> TASK OBJECTIVE: A complete transcription of the material, exact in every line, is what is wanted.

—————

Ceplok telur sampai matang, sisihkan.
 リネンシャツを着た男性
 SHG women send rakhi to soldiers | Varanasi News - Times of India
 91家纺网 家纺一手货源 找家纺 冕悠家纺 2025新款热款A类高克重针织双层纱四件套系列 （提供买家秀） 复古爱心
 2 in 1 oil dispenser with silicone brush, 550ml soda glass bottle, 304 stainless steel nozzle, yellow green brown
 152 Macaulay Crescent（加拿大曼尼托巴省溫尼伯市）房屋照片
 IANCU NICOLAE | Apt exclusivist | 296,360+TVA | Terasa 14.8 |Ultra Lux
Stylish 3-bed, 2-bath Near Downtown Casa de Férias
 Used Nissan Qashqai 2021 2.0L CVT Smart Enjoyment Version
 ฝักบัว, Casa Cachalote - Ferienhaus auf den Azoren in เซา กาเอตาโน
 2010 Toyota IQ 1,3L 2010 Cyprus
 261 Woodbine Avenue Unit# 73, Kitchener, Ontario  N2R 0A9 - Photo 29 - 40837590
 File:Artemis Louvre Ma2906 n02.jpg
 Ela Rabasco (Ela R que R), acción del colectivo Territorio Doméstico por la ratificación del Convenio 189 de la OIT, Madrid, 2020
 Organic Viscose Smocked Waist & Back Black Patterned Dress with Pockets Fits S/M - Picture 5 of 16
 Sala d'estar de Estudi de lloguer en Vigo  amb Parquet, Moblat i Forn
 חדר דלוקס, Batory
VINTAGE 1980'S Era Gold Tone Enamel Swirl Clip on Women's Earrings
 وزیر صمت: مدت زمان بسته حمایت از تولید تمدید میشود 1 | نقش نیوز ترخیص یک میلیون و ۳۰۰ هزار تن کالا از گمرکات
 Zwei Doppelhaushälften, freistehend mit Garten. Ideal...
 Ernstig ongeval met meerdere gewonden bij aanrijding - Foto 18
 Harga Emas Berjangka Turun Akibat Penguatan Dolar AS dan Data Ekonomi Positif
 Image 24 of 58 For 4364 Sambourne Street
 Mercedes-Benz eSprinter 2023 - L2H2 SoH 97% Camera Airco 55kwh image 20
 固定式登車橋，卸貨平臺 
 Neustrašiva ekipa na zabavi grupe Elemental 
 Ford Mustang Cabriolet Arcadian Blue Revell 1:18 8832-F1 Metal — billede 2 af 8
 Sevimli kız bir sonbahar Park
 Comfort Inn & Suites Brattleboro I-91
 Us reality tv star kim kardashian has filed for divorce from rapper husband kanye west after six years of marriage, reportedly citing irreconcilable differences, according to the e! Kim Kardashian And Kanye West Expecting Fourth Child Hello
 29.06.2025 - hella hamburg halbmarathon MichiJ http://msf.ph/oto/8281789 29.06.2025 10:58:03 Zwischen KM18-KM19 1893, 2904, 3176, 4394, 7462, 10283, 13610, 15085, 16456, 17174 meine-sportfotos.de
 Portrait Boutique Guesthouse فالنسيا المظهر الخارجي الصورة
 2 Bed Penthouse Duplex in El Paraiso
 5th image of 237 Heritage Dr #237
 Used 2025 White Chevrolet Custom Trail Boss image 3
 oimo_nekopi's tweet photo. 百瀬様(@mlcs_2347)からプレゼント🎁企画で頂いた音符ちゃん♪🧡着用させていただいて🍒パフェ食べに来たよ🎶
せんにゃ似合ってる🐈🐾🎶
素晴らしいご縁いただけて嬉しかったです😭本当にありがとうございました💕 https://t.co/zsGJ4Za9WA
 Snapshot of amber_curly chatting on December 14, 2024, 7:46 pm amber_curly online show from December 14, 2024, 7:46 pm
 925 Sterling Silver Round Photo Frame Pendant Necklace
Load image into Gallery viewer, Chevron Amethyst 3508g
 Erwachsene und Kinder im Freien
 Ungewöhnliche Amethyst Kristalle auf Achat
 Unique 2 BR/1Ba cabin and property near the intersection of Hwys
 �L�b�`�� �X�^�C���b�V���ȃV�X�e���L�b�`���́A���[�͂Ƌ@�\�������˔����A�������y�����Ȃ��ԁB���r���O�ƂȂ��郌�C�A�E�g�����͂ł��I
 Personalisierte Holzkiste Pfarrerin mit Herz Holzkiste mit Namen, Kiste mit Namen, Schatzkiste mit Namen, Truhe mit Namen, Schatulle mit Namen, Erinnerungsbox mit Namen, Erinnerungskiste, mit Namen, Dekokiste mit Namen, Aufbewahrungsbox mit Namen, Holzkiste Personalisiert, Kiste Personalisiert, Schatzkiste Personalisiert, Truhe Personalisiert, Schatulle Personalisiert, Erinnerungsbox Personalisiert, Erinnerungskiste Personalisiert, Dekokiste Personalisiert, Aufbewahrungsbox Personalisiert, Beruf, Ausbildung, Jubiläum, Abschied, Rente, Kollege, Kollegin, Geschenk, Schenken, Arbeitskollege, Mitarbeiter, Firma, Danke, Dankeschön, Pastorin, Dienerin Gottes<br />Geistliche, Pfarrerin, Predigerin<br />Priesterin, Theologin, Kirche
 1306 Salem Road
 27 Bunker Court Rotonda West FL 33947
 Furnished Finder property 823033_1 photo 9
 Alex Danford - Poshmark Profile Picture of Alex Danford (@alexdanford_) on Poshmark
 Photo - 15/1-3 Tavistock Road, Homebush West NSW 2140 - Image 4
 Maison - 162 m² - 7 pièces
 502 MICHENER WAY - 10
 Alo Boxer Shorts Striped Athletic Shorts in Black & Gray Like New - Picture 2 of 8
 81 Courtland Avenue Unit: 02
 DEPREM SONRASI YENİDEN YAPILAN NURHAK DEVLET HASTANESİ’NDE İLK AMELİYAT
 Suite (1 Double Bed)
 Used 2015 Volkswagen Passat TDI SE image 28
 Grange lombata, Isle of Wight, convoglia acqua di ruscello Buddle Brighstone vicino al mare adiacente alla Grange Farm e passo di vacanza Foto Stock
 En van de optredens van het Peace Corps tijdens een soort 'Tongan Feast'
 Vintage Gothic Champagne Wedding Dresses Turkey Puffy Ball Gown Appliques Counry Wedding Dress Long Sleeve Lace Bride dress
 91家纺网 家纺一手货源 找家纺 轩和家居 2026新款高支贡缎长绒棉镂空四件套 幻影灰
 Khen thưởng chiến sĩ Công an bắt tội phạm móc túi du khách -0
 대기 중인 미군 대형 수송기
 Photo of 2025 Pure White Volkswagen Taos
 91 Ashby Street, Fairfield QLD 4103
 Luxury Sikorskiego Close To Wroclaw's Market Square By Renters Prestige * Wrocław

—————

> ANSWER TO THIS PROBLEM:
Ceplok telur sampai matang, sisihkan.
 リネンシャツを着た男性
 SHG women send rakhi to soldiers | Varanasi News - Times of India
 91家纺网 家纺一手货源 找家纺 冕悠家纺 2025新款热款A类高克重针织双层纱四件套系列 （提供买家秀） 复古爱心
 2 in 1 oil dispenser with silicone brush, 550ml soda glass bottle, 304 stainless steel nozzle, yellow green brown
 152 Macaulay Crescent（加拿大曼尼托巴省溫尼伯市）房屋照片
 IANCU NICOLAE | Apt exclusivist | 296,360+TVA | Terasa 14.8 |Ultra Lux
Stylish 3-bed, 2-bath Near Downtown Casa de Férias
 Used Nissan Qashqai 2021 2.0L CVT Smart Enjoyment Version
 ฝักบัว, Casa Cachalote - Ferienhaus auf den Azoren in เซา กาเอตาโน
 2010 Toyota IQ 1,3L 2010 Cyprus
 261 Woodbine Avenue Unit# 73, Kitchener, Ontario  N2R 0A9 - Photo 29 - 40837590
 File:Artemis Louvre Ma2906 n02.jpg
 Ela Rabasco (Ela R que R), acción del colectivo Territorio Doméstico por la ratificación del Convenio 189 de la OIT, Madrid, 2020
 Organic Viscose Smocked Waist & Back Black Patterned Dress with Pockets Fits S/M - Picture 5 of 16
 Sala d'estar de Estudi de lloguer en Vigo  amb Parquet, Moblat i Forn
 חדר דלוקס, Batory
VINTAGE 1980'S Era Gold Tone Enamel Swirl Clip on Women's Earrings
 وزیر صمت: مدت زمان بسته حمایت از تولید تمدید میشود 1 | نقش نیوز ترخیص یک میلیون و ۳۰۰ هزار تن کالا از گمرکات
 Zwei Doppelhaushälften, freistehend mit Garten. Ideal...
 Ernstig ongeval met meerdere gewonden bij aanrijding - Foto 18
 Harga Emas Berjangka Turun Akibat Penguatan Dolar AS dan Data Ekonomi Positif
 Image 24 of 58 For 4364 Sambourne Street
 Mercedes-Benz eSprinter 2023 - L2H2 SoH 97% Camera Airco 55kwh image 20
 固定式登車橋，卸貨平臺 
 Neustrašiva ekipa na zabavi grupe Elemental 
 Ford Mustang Cabriolet Arcadian Blue Revell 1:18 8832-F1 Metal — billede 2 af 8
 Sevimli kız bir sonbahar Park
 Comfort Inn & Suites Brattleboro I-91
 Us reality tv star kim kardashian has filed for divorce from rapper husband kanye west after six years of marriage, reportedly citing irreconcilable differences, according to the e! Kim Kardashian And Kanye West Expecting Fourth Child Hello
 29.06.2025 - hella hamburg halbmarathon MichiJ http://msf.ph/oto/8281789 29.06.2025 10:58:03 Zwischen KM18-KM19 1893, 2904, 3176, 4394, 7462, 10283, 13610, 15085, 16456, 17174 meine-sportfotos.de
 Portrait Boutique Guesthouse فالنسيا المظهر الخارجي الصورة
 2 Bed Penthouse Duplex in El Paraiso
 5th image of 237 Heritage Dr #237
 Used 2025 White Chevrolet Custom Trail Boss image 3
 oimo_nekopi's tweet photo. 百瀬様(@mlcs_2347)からプレゼント🎁企画で頂いた音符ちゃん♪🧡着用させていただいて🍒パフェ食べに来たよ🎶
せんにゃ似合ってる🐈🐾🎶
素晴らしいご縁いただけて嬉しかったです😭本当にありがとうございました💕 https://t.co/zsGJ4Za9WA
 Snapshot of amber_curly chatting on December 14, 2024, 7:46 pm amber_curly online show from December 14, 2024, 7:46 pm
 925 Sterling Silver Round Photo Frame Pendant Necklace
Load image into Gallery viewer, Chevron Amethyst 3508g
 Erwachsene und Kinder im Freien
 Ungewöhnliche Amethyst Kristalle auf Achat
 Unique 2 BR/1Ba cabin and property near the intersection of Hwys
 �L�b�`�� �X�^�C���b�V���ȃV�X�e���L�b�`���́A���[�͂Ƌ@�\�������˔����A�������y�����Ȃ��ԁB���r���O�ƂȂ��郌�C�A�E�g�����͂ł��I
 Personalisierte Holzkiste Pfarrerin mit Herz Holzkiste mit Namen, Kiste mit Namen, Schatzkiste mit Namen, Truhe mit Namen, Schatulle mit Namen, Erinnerungsbox mit Namen, Erinnerungskiste, mit Namen, Dekokiste mit Namen, Aufbewahrungsbox mit Namen, Holzkiste Personalisiert, Kiste Personalisiert, Schatzkiste Personalisiert, Truhe Personalisiert, Schatulle Personalisiert, Erinnerungsbox Personalisiert, Erinnerungskiste Personalisiert, Dekokiste Personalisiert, Aufbewahrungsbox Personalisiert, Beruf, Ausbildung, Jubiläum, Abschied, Rente, Kollege, Kollegin, Geschenk, Schenken, Arbeitskollege, Mitarbeiter, Firma, Danke, Dankeschön, Pastorin, Dienerin Gottes<br />Geistliche, Pfarrerin, Predigerin<br />Priesterin, Theologin, Kirche
 1306 Salem Road
 27 Bunker Court Rotonda West FL 33947
 Furnished Finder property 823033_1 photo 9
 Alex Danford - Poshmark Profile Picture of Alex Danford (@alexdanford_) on Poshmark
 Photo - 15/1-3 Tavistock Road, Homebush West NSW 2140 - Image 4
 Maison - 162 m² - 7 pièces
 502 MICHENER WAY - 10
 Alo Boxer Shorts Striped Athletic Shorts in Black & Gray Like New - Picture 2 of 8
 81 Courtland Avenue Unit: 02
 DEPREM SONRASI YENİDEN YAPILAN NURHAK DEVLET HASTANESİ’NDE İLK AMELİYAT
 Suite (1 Double Bed)
 Used 2015 Volkswagen Passat TDI SE image 28
 Grange lombata, Isle of Wight, convoglia acqua di ruscello Buddle Brighstone vicino al mare adiacente alla Grange Farm e passo di vacanza Foto Stock
 En van de optredens van het Peace Corps tijdens een soort 'Tongan Feast'
 Vintage Gothic Champagne Wedding Dresses Turkey Puffy Ball Gown Appliques Counry Wedding Dress Long Sleeve Lace Bride dress
 91家纺网 家纺一手货源 找家纺 轩和家居 2026新款高支贡缎长绒棉镂空四件套 幻影灰
 Khen thưởng chiến sĩ Công an bắt tội phạm móc túi du khách -0
 대기 중인 미군 대형 수송기
 Photo of 2025 Pure White Volkswagen Taos
 91 Ashby Street, Fairfield QLD 4103
 Luxury Sikorskiego Close To Wroclaw's Market Square By Renters Prestige * Wrocław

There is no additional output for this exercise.